A rack displaying zines reads "Zines For Sale"The Anchor Archive Zine Library is a collectively-run, non-profit library with a collection of over 5000 zines from the local area and around the world. It has been providing access to independent media, art, and local zine history and culture since 2005 through operating the library and offering tools, resources, and programming for making zines.

Zines are self-published publications made outside of mainstream press and media, by all kinds of people about all kinds of things. The Anchor Archive sees zines as an important way to take media into your own hands, find a voice for yourself, and find information and stories that aren't represented in mainstream media and culture.

To borrow zines you must be a member and visit the zine library in person. You can become a member by donating $2-10 or donating a zine. You get zines for 2 weeks and can take out 13 at a time.

You can search for zines in our catalogue (about half of our collection has been catalogued) or browse by topic in the library.

The Zine Library is part of a collectively run arts space called Radstorm, along with Ink Storm Screenprinting Collective and Sad Rad Music Collective.

Every October the Anchor Archive organizes a zine fair and usually in the summer it co-hosts a residency program.

Find location and accessibility information on our contact page.

History

5684 Roberts Street house

The Anchor Archive Zine Library was opened in 2005 by Sarah Evans and Son Edworthy in the living room of their little house at 5684 Roberts Street, in the north end of Halifax. Sarah and Son ran the library out of their home, with the help of friends and volunteers. They started a zine residency program in 2006 and hosted residents in their shed in the summer.

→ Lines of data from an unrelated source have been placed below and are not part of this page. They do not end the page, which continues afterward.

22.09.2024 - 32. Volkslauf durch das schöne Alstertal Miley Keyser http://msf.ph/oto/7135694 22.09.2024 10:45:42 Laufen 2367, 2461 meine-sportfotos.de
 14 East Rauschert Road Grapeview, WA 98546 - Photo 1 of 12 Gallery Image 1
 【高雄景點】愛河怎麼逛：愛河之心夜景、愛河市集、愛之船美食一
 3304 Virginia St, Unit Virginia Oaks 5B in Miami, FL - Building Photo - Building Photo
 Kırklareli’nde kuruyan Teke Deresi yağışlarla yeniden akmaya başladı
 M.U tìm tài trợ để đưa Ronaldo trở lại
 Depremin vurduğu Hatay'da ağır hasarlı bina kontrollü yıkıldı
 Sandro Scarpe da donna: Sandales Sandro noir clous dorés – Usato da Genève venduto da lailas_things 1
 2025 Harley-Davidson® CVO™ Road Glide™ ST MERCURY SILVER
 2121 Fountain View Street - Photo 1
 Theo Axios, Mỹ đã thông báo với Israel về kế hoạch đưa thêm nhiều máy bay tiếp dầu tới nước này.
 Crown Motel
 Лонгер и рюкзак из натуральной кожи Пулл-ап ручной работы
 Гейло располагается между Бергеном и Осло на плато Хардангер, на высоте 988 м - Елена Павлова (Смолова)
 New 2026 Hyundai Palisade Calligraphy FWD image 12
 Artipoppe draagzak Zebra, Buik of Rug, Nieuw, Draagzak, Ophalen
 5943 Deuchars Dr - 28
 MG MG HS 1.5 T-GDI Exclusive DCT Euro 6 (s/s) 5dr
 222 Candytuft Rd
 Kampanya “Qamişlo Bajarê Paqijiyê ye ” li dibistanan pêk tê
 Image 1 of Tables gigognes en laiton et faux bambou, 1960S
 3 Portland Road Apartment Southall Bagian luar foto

Sarah moved out of the house a couple of years later and her room was turned into a screen printing studio, operated by Ink Storm Screen Printing Collective.  When Son moved out a year later, Sarah, Son, and some other folks formed a collective and decided to operate the house as a collective arts space called the Roberts Street Social Centre. Son's room was called "the Crow's Nest" and used as a small affordable meeting and events space. A speakeasy called the Tigers' Den happened there on Thursday nights for a couple of years. The library acquired a photocopier called The People's Photocopier. Books Beyond Bars, a program to bring books to women in prison, was also affiliated with the Roberts Street Social Centre.

Panorama interior of main floor at 5684 Roberts Street

In 2012 the collective received an eviction notice from their supportive landlord, who needed to move into the house due to financial problems. A long search for affordable and accessible space began, and a year later the Anchor Archive and Ink Storm moved into the former storefront space in Creighton Manor, an old apartment building at 2086 Creighton Street, where some Roberts Street Social Centre collective members lived.

2086 Creighton Street

When this building was sold and gutted a year later, Ink Storm moved into storage and the Anchor Archive moved to the back of Plan B, a cooperatively run vintage and artist store on Gottingen Street. The Anchor Archive resided in Plan B for 2 years. 

Through all these moves, open hours still happened, zines were borrowed, zine workshops were facilitated, affordable photocopying was provided, the zine fair happened ever year, and we hosted residents from around the world every summer.  Meanwhile, Ink Storm moved into a space upstairs at 6050 Almon Street along with Sad Rad Music Collective, an all-ages show and practice space.  Plan B was turning out to not be an ideal location for the zine library and the members wanted to reunite with Ink Storm, so in 2016 the zine library moved to 6050 Almon Street as well.